3

I want to use dplyr::summarise_all() and weighted.mean to calculate the weighted averages of many columns for each group.

I tried to directly use anonymous function, but it returned an error: 'x' and 'w' must have the same length. I know I can use summarise() and weighted.mean, but in this way I need to specify all the column names, which is not what I want.

result = df%>%
  group_by(A)%>%
  summarise_all(function(x){weighted.mean(x, .$B)})

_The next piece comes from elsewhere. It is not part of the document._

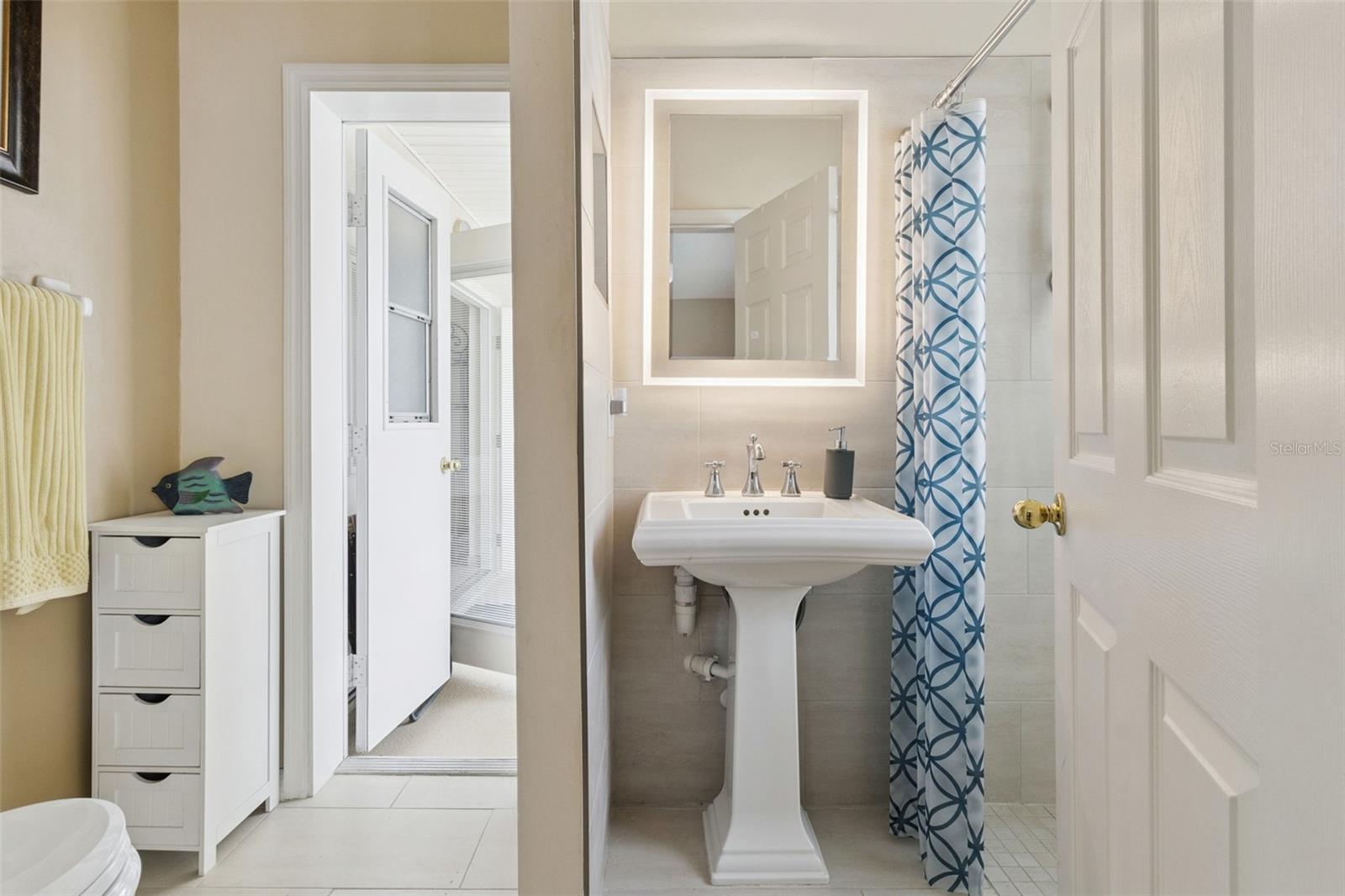 HUNTERS GREENE PH 01 - Residential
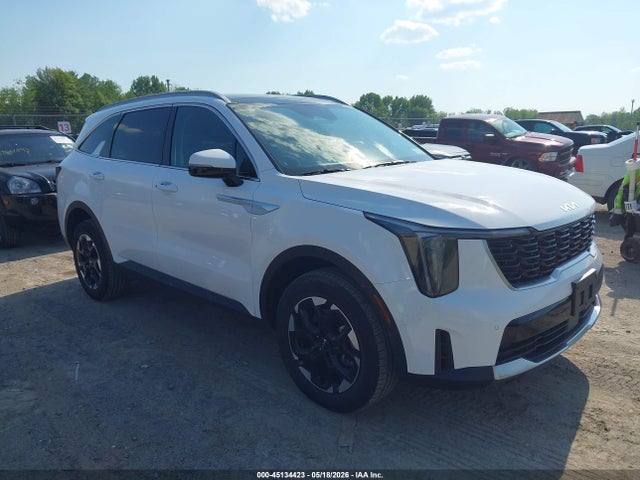 Salvage Kia Sorento Image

Here the data frame has group column A, weight column B and other columns. I expect to have weighted averages of other columns values by column B for each group in A. I hope I can do this using dplyr and weighted.mean, but I am OK with other available methods.

zqin
  • 95
  • 10

1 Answers1

0

We dont' need .$ as .$ extract the whole column value instead of the values that corresponds to the grouping structure

df %>%
   group_by(A)%>%
   summarise_all(list(~ weighted.mean(., B)))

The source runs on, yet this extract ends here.